## [Aim of the task]
Look below for the line containing "To make a sink". Write out that line and the rest through the last one, exactly as they appear, but without pictures.

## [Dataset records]
==*==

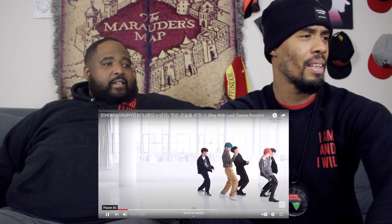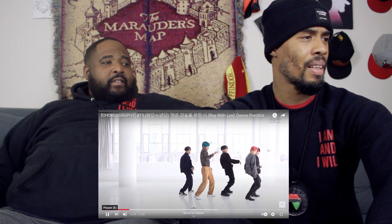Those are Vans I think. I like the blue hair, homie. And I like the khakis and the little silk button-up. I like how everybody's style is different. Smooth choreo — lines are always good, transition is good. It's like real subtle movements, real subtle.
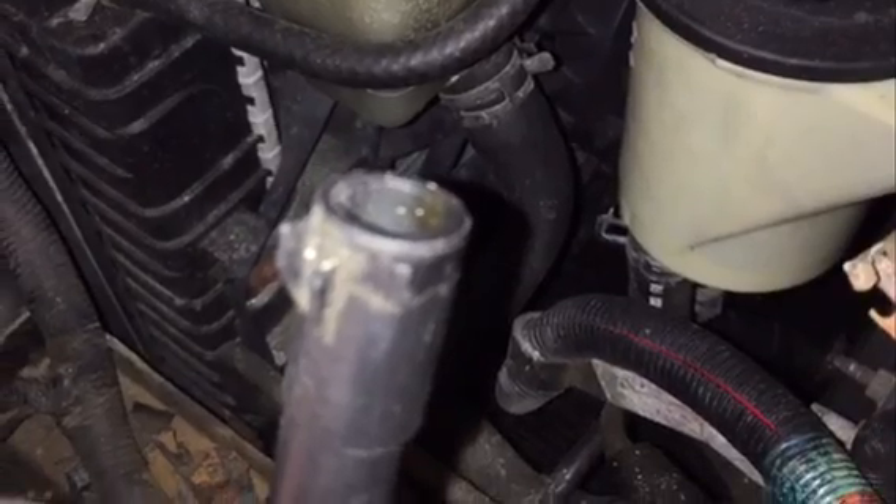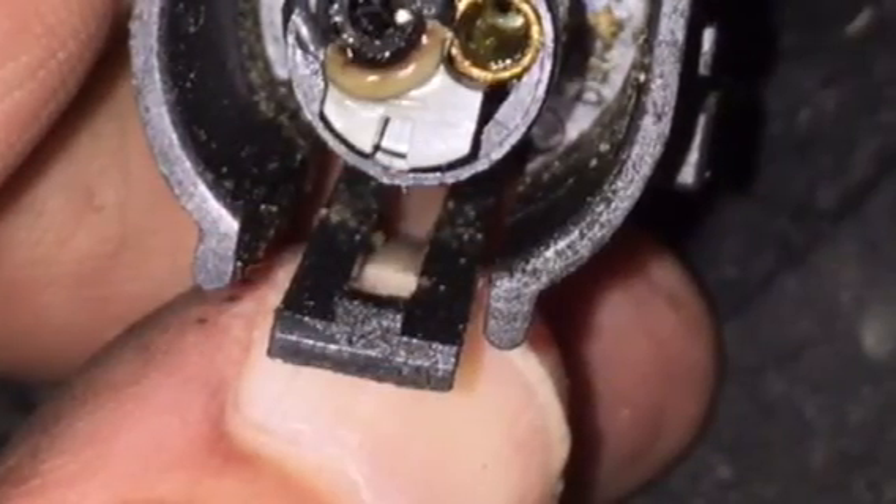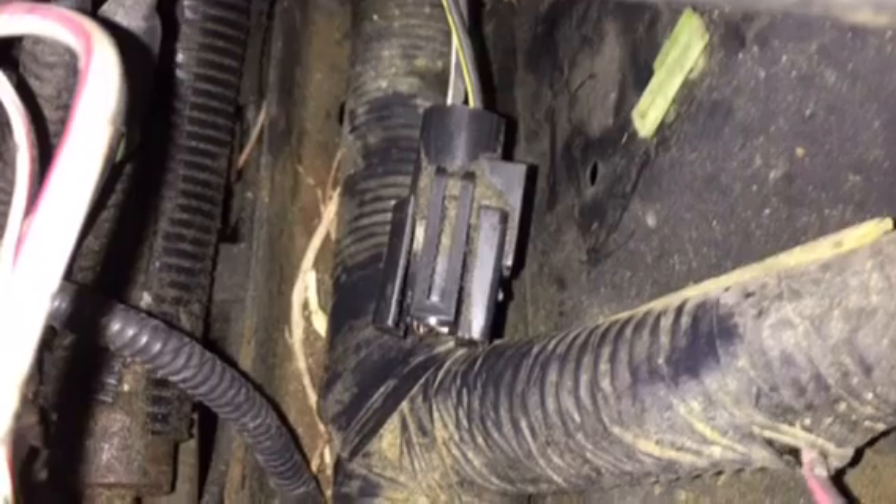Here it is. Pull that connection apart and you'll see that in this case it corroded and ultimately it broke off. What I did to resolve the problem was splice from one side to the next on the single wire that was corroded.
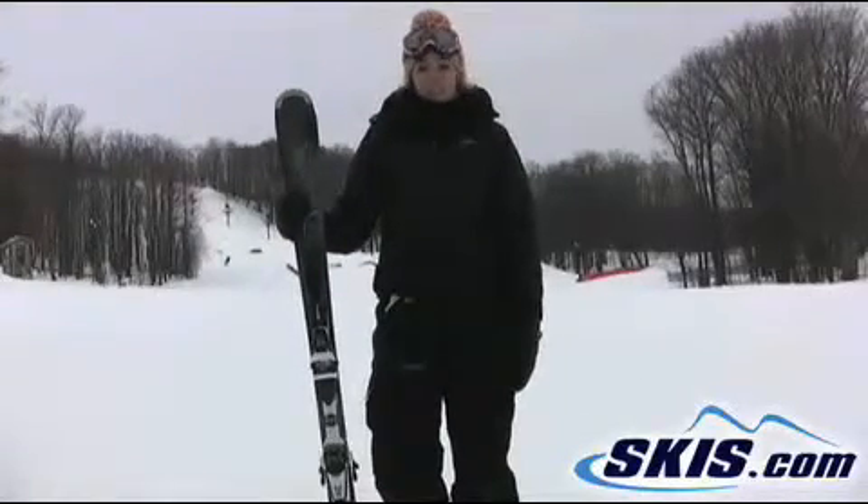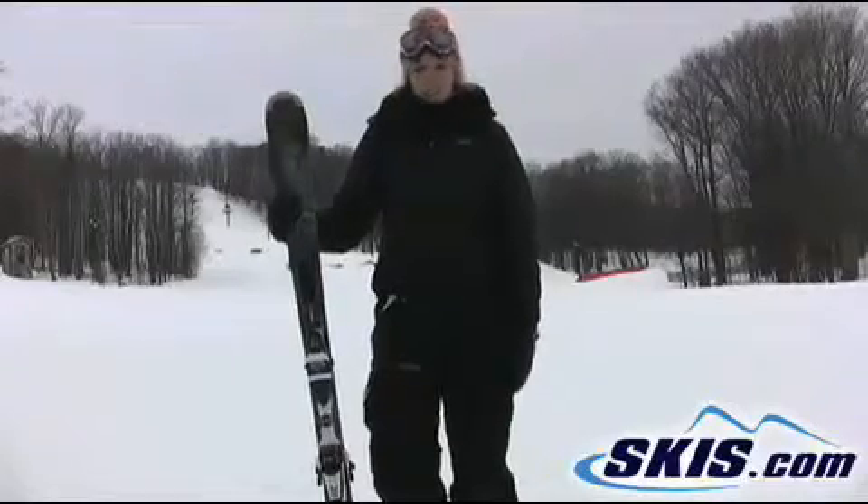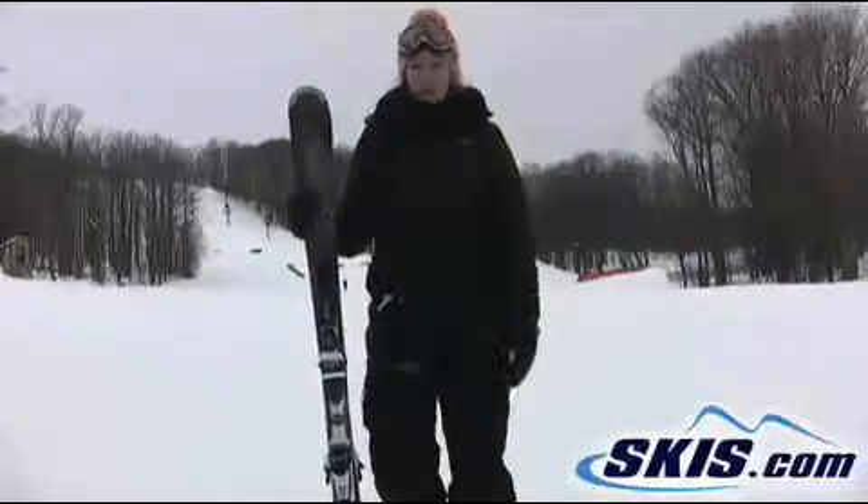If you're an intermediate to advanced skier and want something that's quick at the turns and holds an edge, then this is definitely a great ski for you. I give this a 3 out of 5 stars.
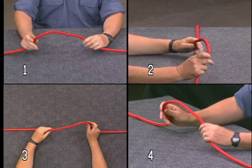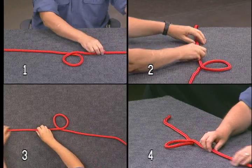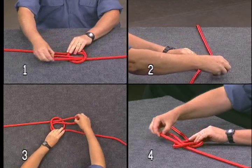To make a sink stopper knot, create a loop with the standing part of your line crossing the working part. Then create a bight in the standing part, which you will tuck up through the loop and pull slightly.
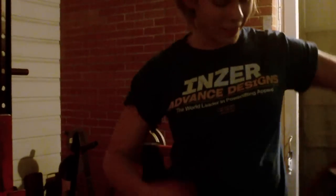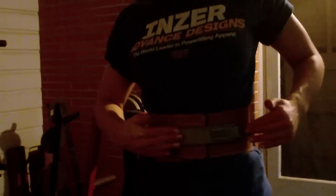And always from Inzer, make sure you've got a nice good belt to support your back — a lever belt. The best is the lever belt so you can just pop it on.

==*==

## [Answer space]
To make a sink stopper knot, create a loop with the standing part of your line crossing the working part. Then create a bight in the standing part, which you will tuck up through the loop and pull slightly.
And always from Inzer, make sure you've got a nice good belt to support your back — a lever belt. The best is the lever belt so you can just pop it on.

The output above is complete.